■ Supplied information:
──────────

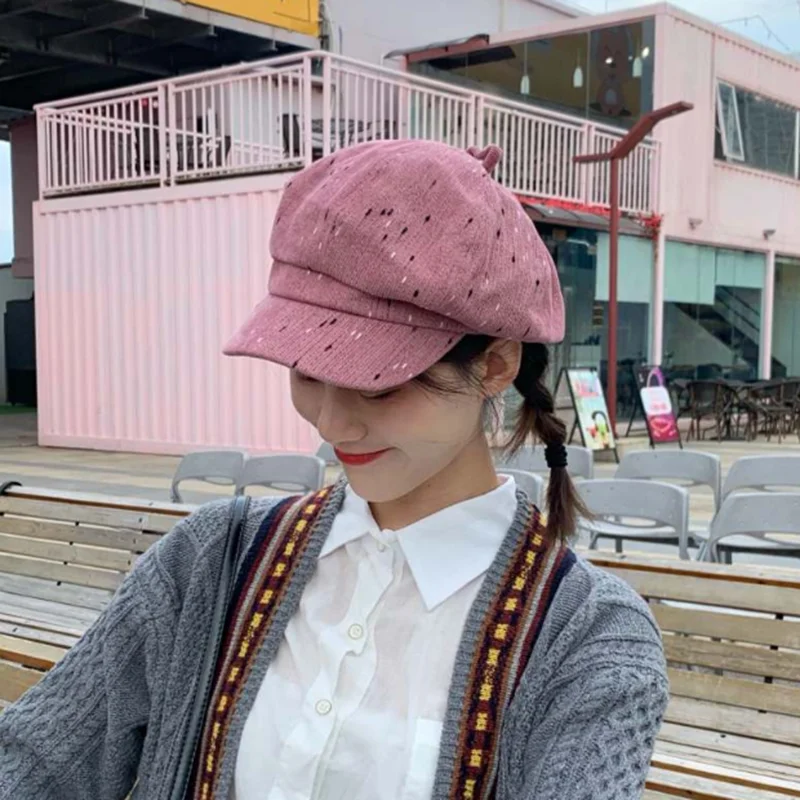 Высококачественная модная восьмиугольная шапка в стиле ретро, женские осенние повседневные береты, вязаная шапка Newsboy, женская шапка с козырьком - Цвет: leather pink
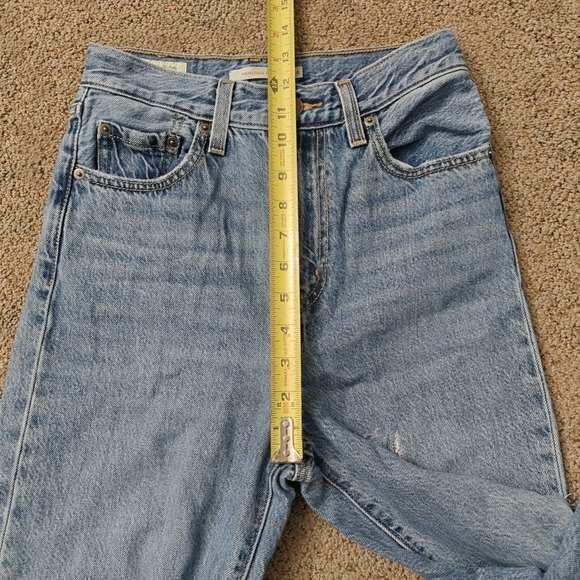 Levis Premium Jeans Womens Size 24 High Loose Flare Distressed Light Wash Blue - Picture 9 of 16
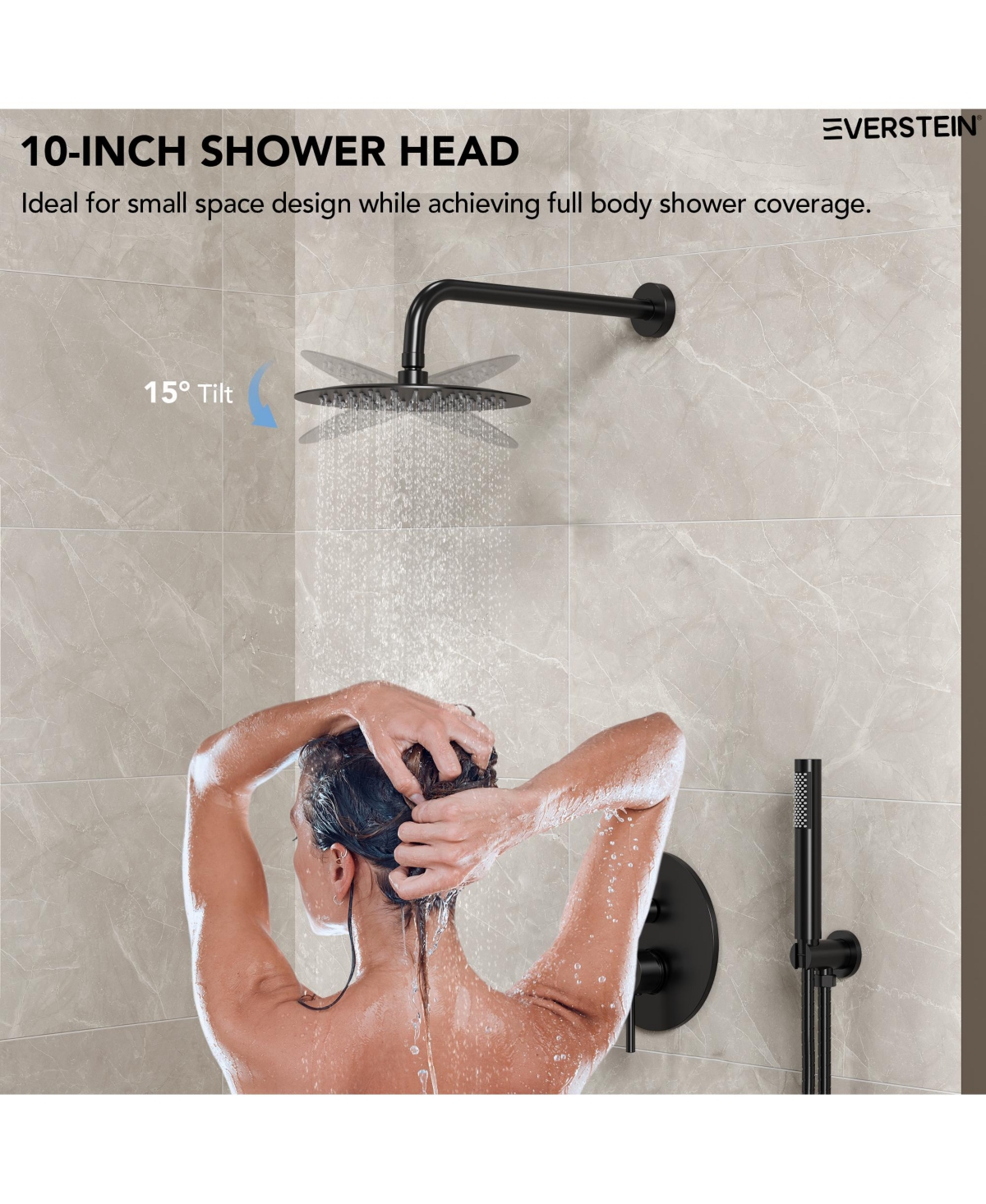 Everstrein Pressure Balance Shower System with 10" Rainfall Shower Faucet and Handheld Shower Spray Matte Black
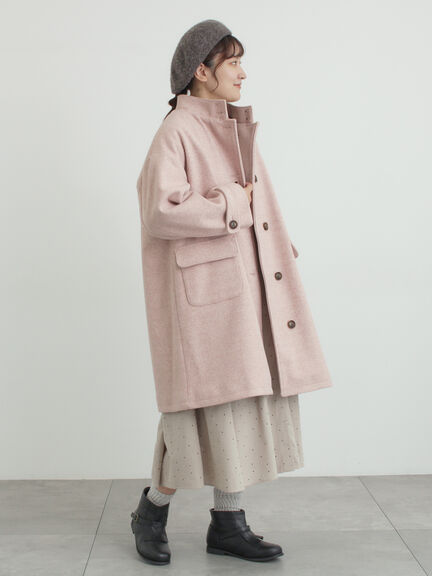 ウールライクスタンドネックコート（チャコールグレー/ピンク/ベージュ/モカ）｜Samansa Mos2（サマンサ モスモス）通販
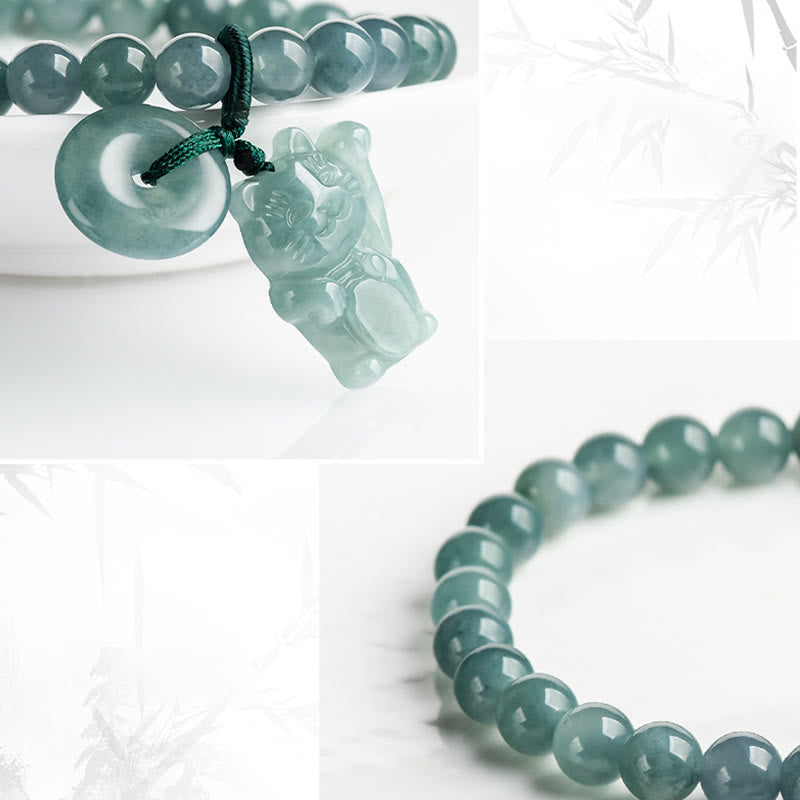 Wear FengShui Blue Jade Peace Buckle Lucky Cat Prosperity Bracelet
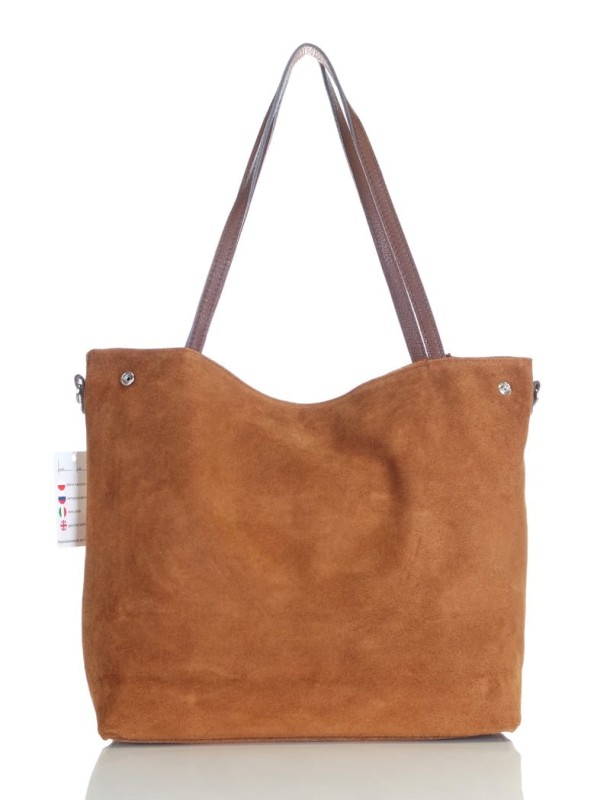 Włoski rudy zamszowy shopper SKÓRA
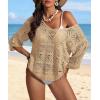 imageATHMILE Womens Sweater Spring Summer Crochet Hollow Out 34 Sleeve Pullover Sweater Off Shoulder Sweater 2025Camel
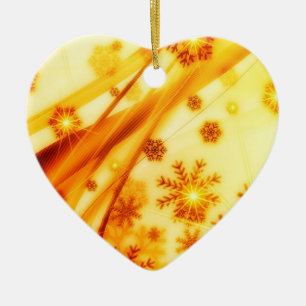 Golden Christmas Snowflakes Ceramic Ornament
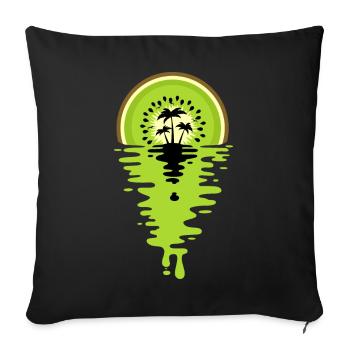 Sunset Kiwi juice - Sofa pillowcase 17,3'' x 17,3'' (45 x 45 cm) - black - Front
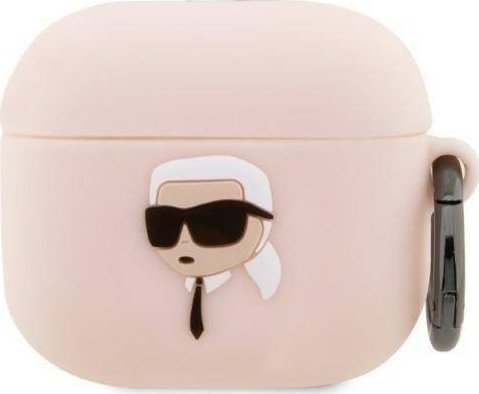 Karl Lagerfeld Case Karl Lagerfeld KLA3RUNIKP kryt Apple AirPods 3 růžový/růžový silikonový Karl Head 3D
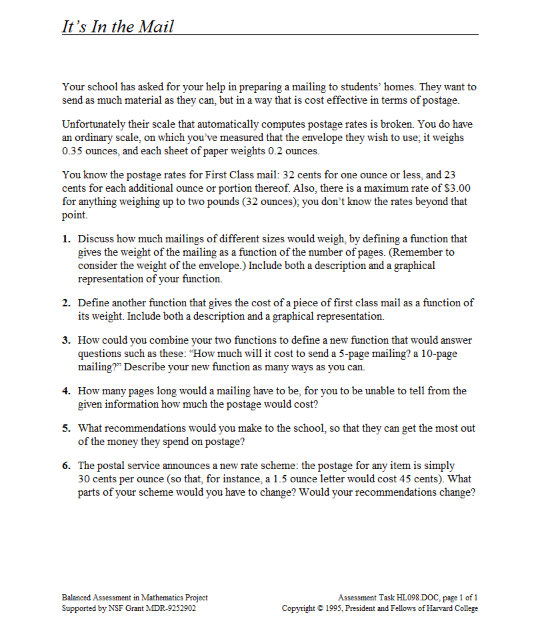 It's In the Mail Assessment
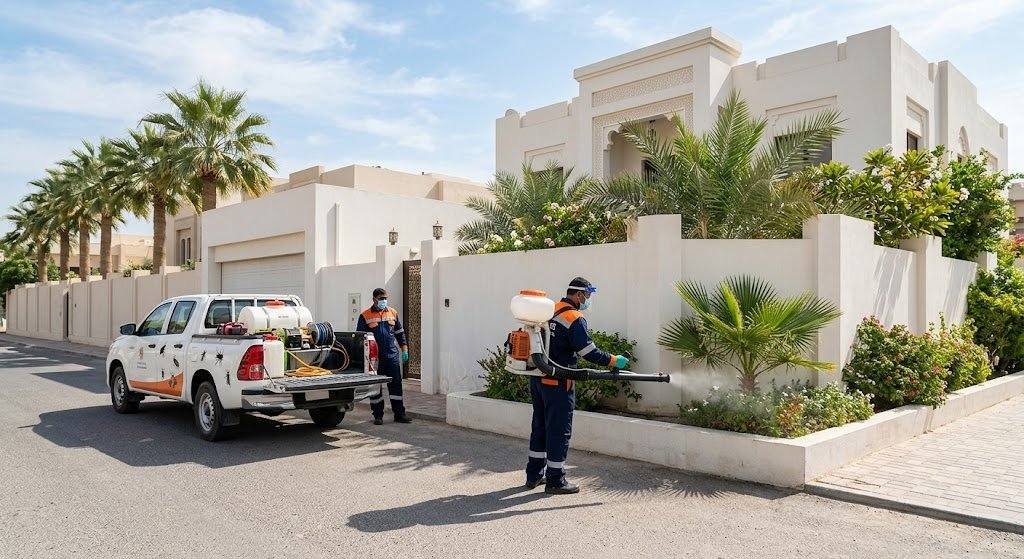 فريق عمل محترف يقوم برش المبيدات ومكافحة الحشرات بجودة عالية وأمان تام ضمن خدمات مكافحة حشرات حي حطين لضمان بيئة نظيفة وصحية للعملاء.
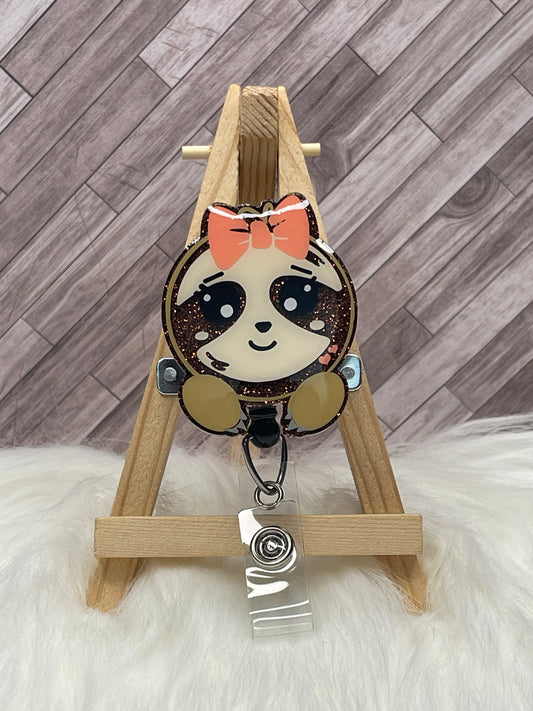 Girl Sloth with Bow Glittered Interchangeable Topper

──────────

■ Task to carry out:
The copy should hold exactly the lines above from the one with "Levis Premium Jeans" through the one with "Włoski rudy zamszowy shopper SKÓRA", both ends counted, and no pictures at all.

■ Written answer:
 Levis Premium Jeans Womens Size 24 High Loose Flare Distressed Light Wash Blue - Picture 9 of 16
 Everstrein Pressure Balance Shower System with 10" Rainfall Shower Faucet and Handheld Shower Spray Matte Black
 ウールライクスタンドネックコート（チャコールグレー/ピンク/ベージュ/モカ）｜Samansa Mos2（サマンサ モスモス）通販
 Wear FengShui Blue Jade Peace Buckle Lucky Cat Prosperity Bracelet
 Włoski rudy zamszowy shopper SKÓRA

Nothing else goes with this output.